In the story "When Anklets Tinkle" the sound produced by the title object is forwarded as proof of the existence of ghosts. The alleged presence of ghosts is merely a sales ruse, but eventually the truth is discovered: the anklets are worn by loose girls visiting a tenant in the night. This causes one of the characters to transform the titular jewelry into a symbol of the sexual double standard which grants leniency to male desires which it does offer equitably to female desires.

Books

The title story is narrated in the first-person by an inexperienced young girl obsessed with books, especially fiction and especially novels of romance. Such is her love of reading that at one point the language explicitly turns to symbolism that compares her obsessive desire for books to a drug.

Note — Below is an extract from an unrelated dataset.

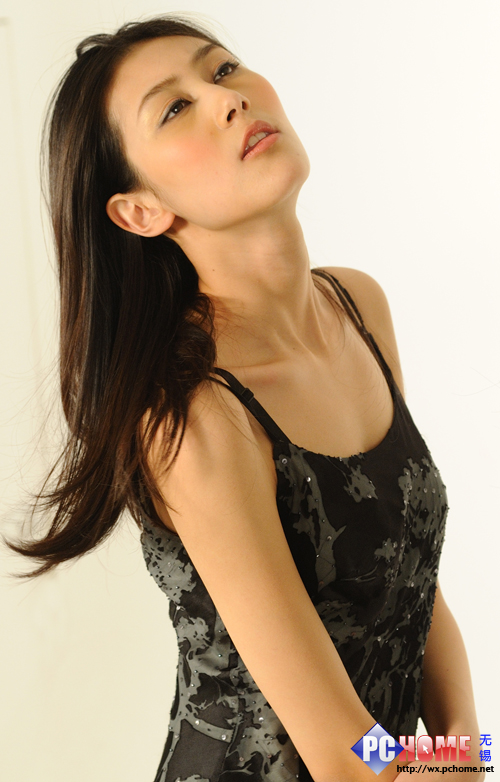 INTEL新春答谢会 新丝路模特摄影专场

The drug is really not the books themselves, actually, but the knowledge—often of a forbidden nature—which can be gleaned by reading them.

Rape

The young girl with the overwhelming fondness for reading has an older sister. "Incantations" is really about the marriage of the sister to Nikhil and how that marriage is a living hell defined by rapes at the hand of her husband's brother. The link between the marriage to the Nikhil and submission to the brother as being inextricable is impossible to miss and symbolically situates marriage for Indian woman as being equitable to the offense.

Siddharth

The story "Bahu" is narrated by a wife who winds up rebelling fully against the stifling rigidity of Indian culture which places undo expectations upon the wife by the family of the husband. Siddharth is her husband who shows neither the will nor the ability to stand up for his wife against the relentless pressure of his family. In this way he becomes a symbol of the weakness of the individual man within the larger patriarchal structure of Indian culture.

Home

In nearly every story in the collection, home is situated symbolically not as a place of warmth to return to as a welcome bosom, but as a place from which to escape. Home represents the place where the wife in "Bahu" feels like an outsider amongst her in-laws. Home is the place where the older sister in "Incantations" is violated on two different levels by two different "husbands." Home is site where double standards are routinely accepted by being ignored. Home for many of the women populating these stories is little more than a symbolic prison.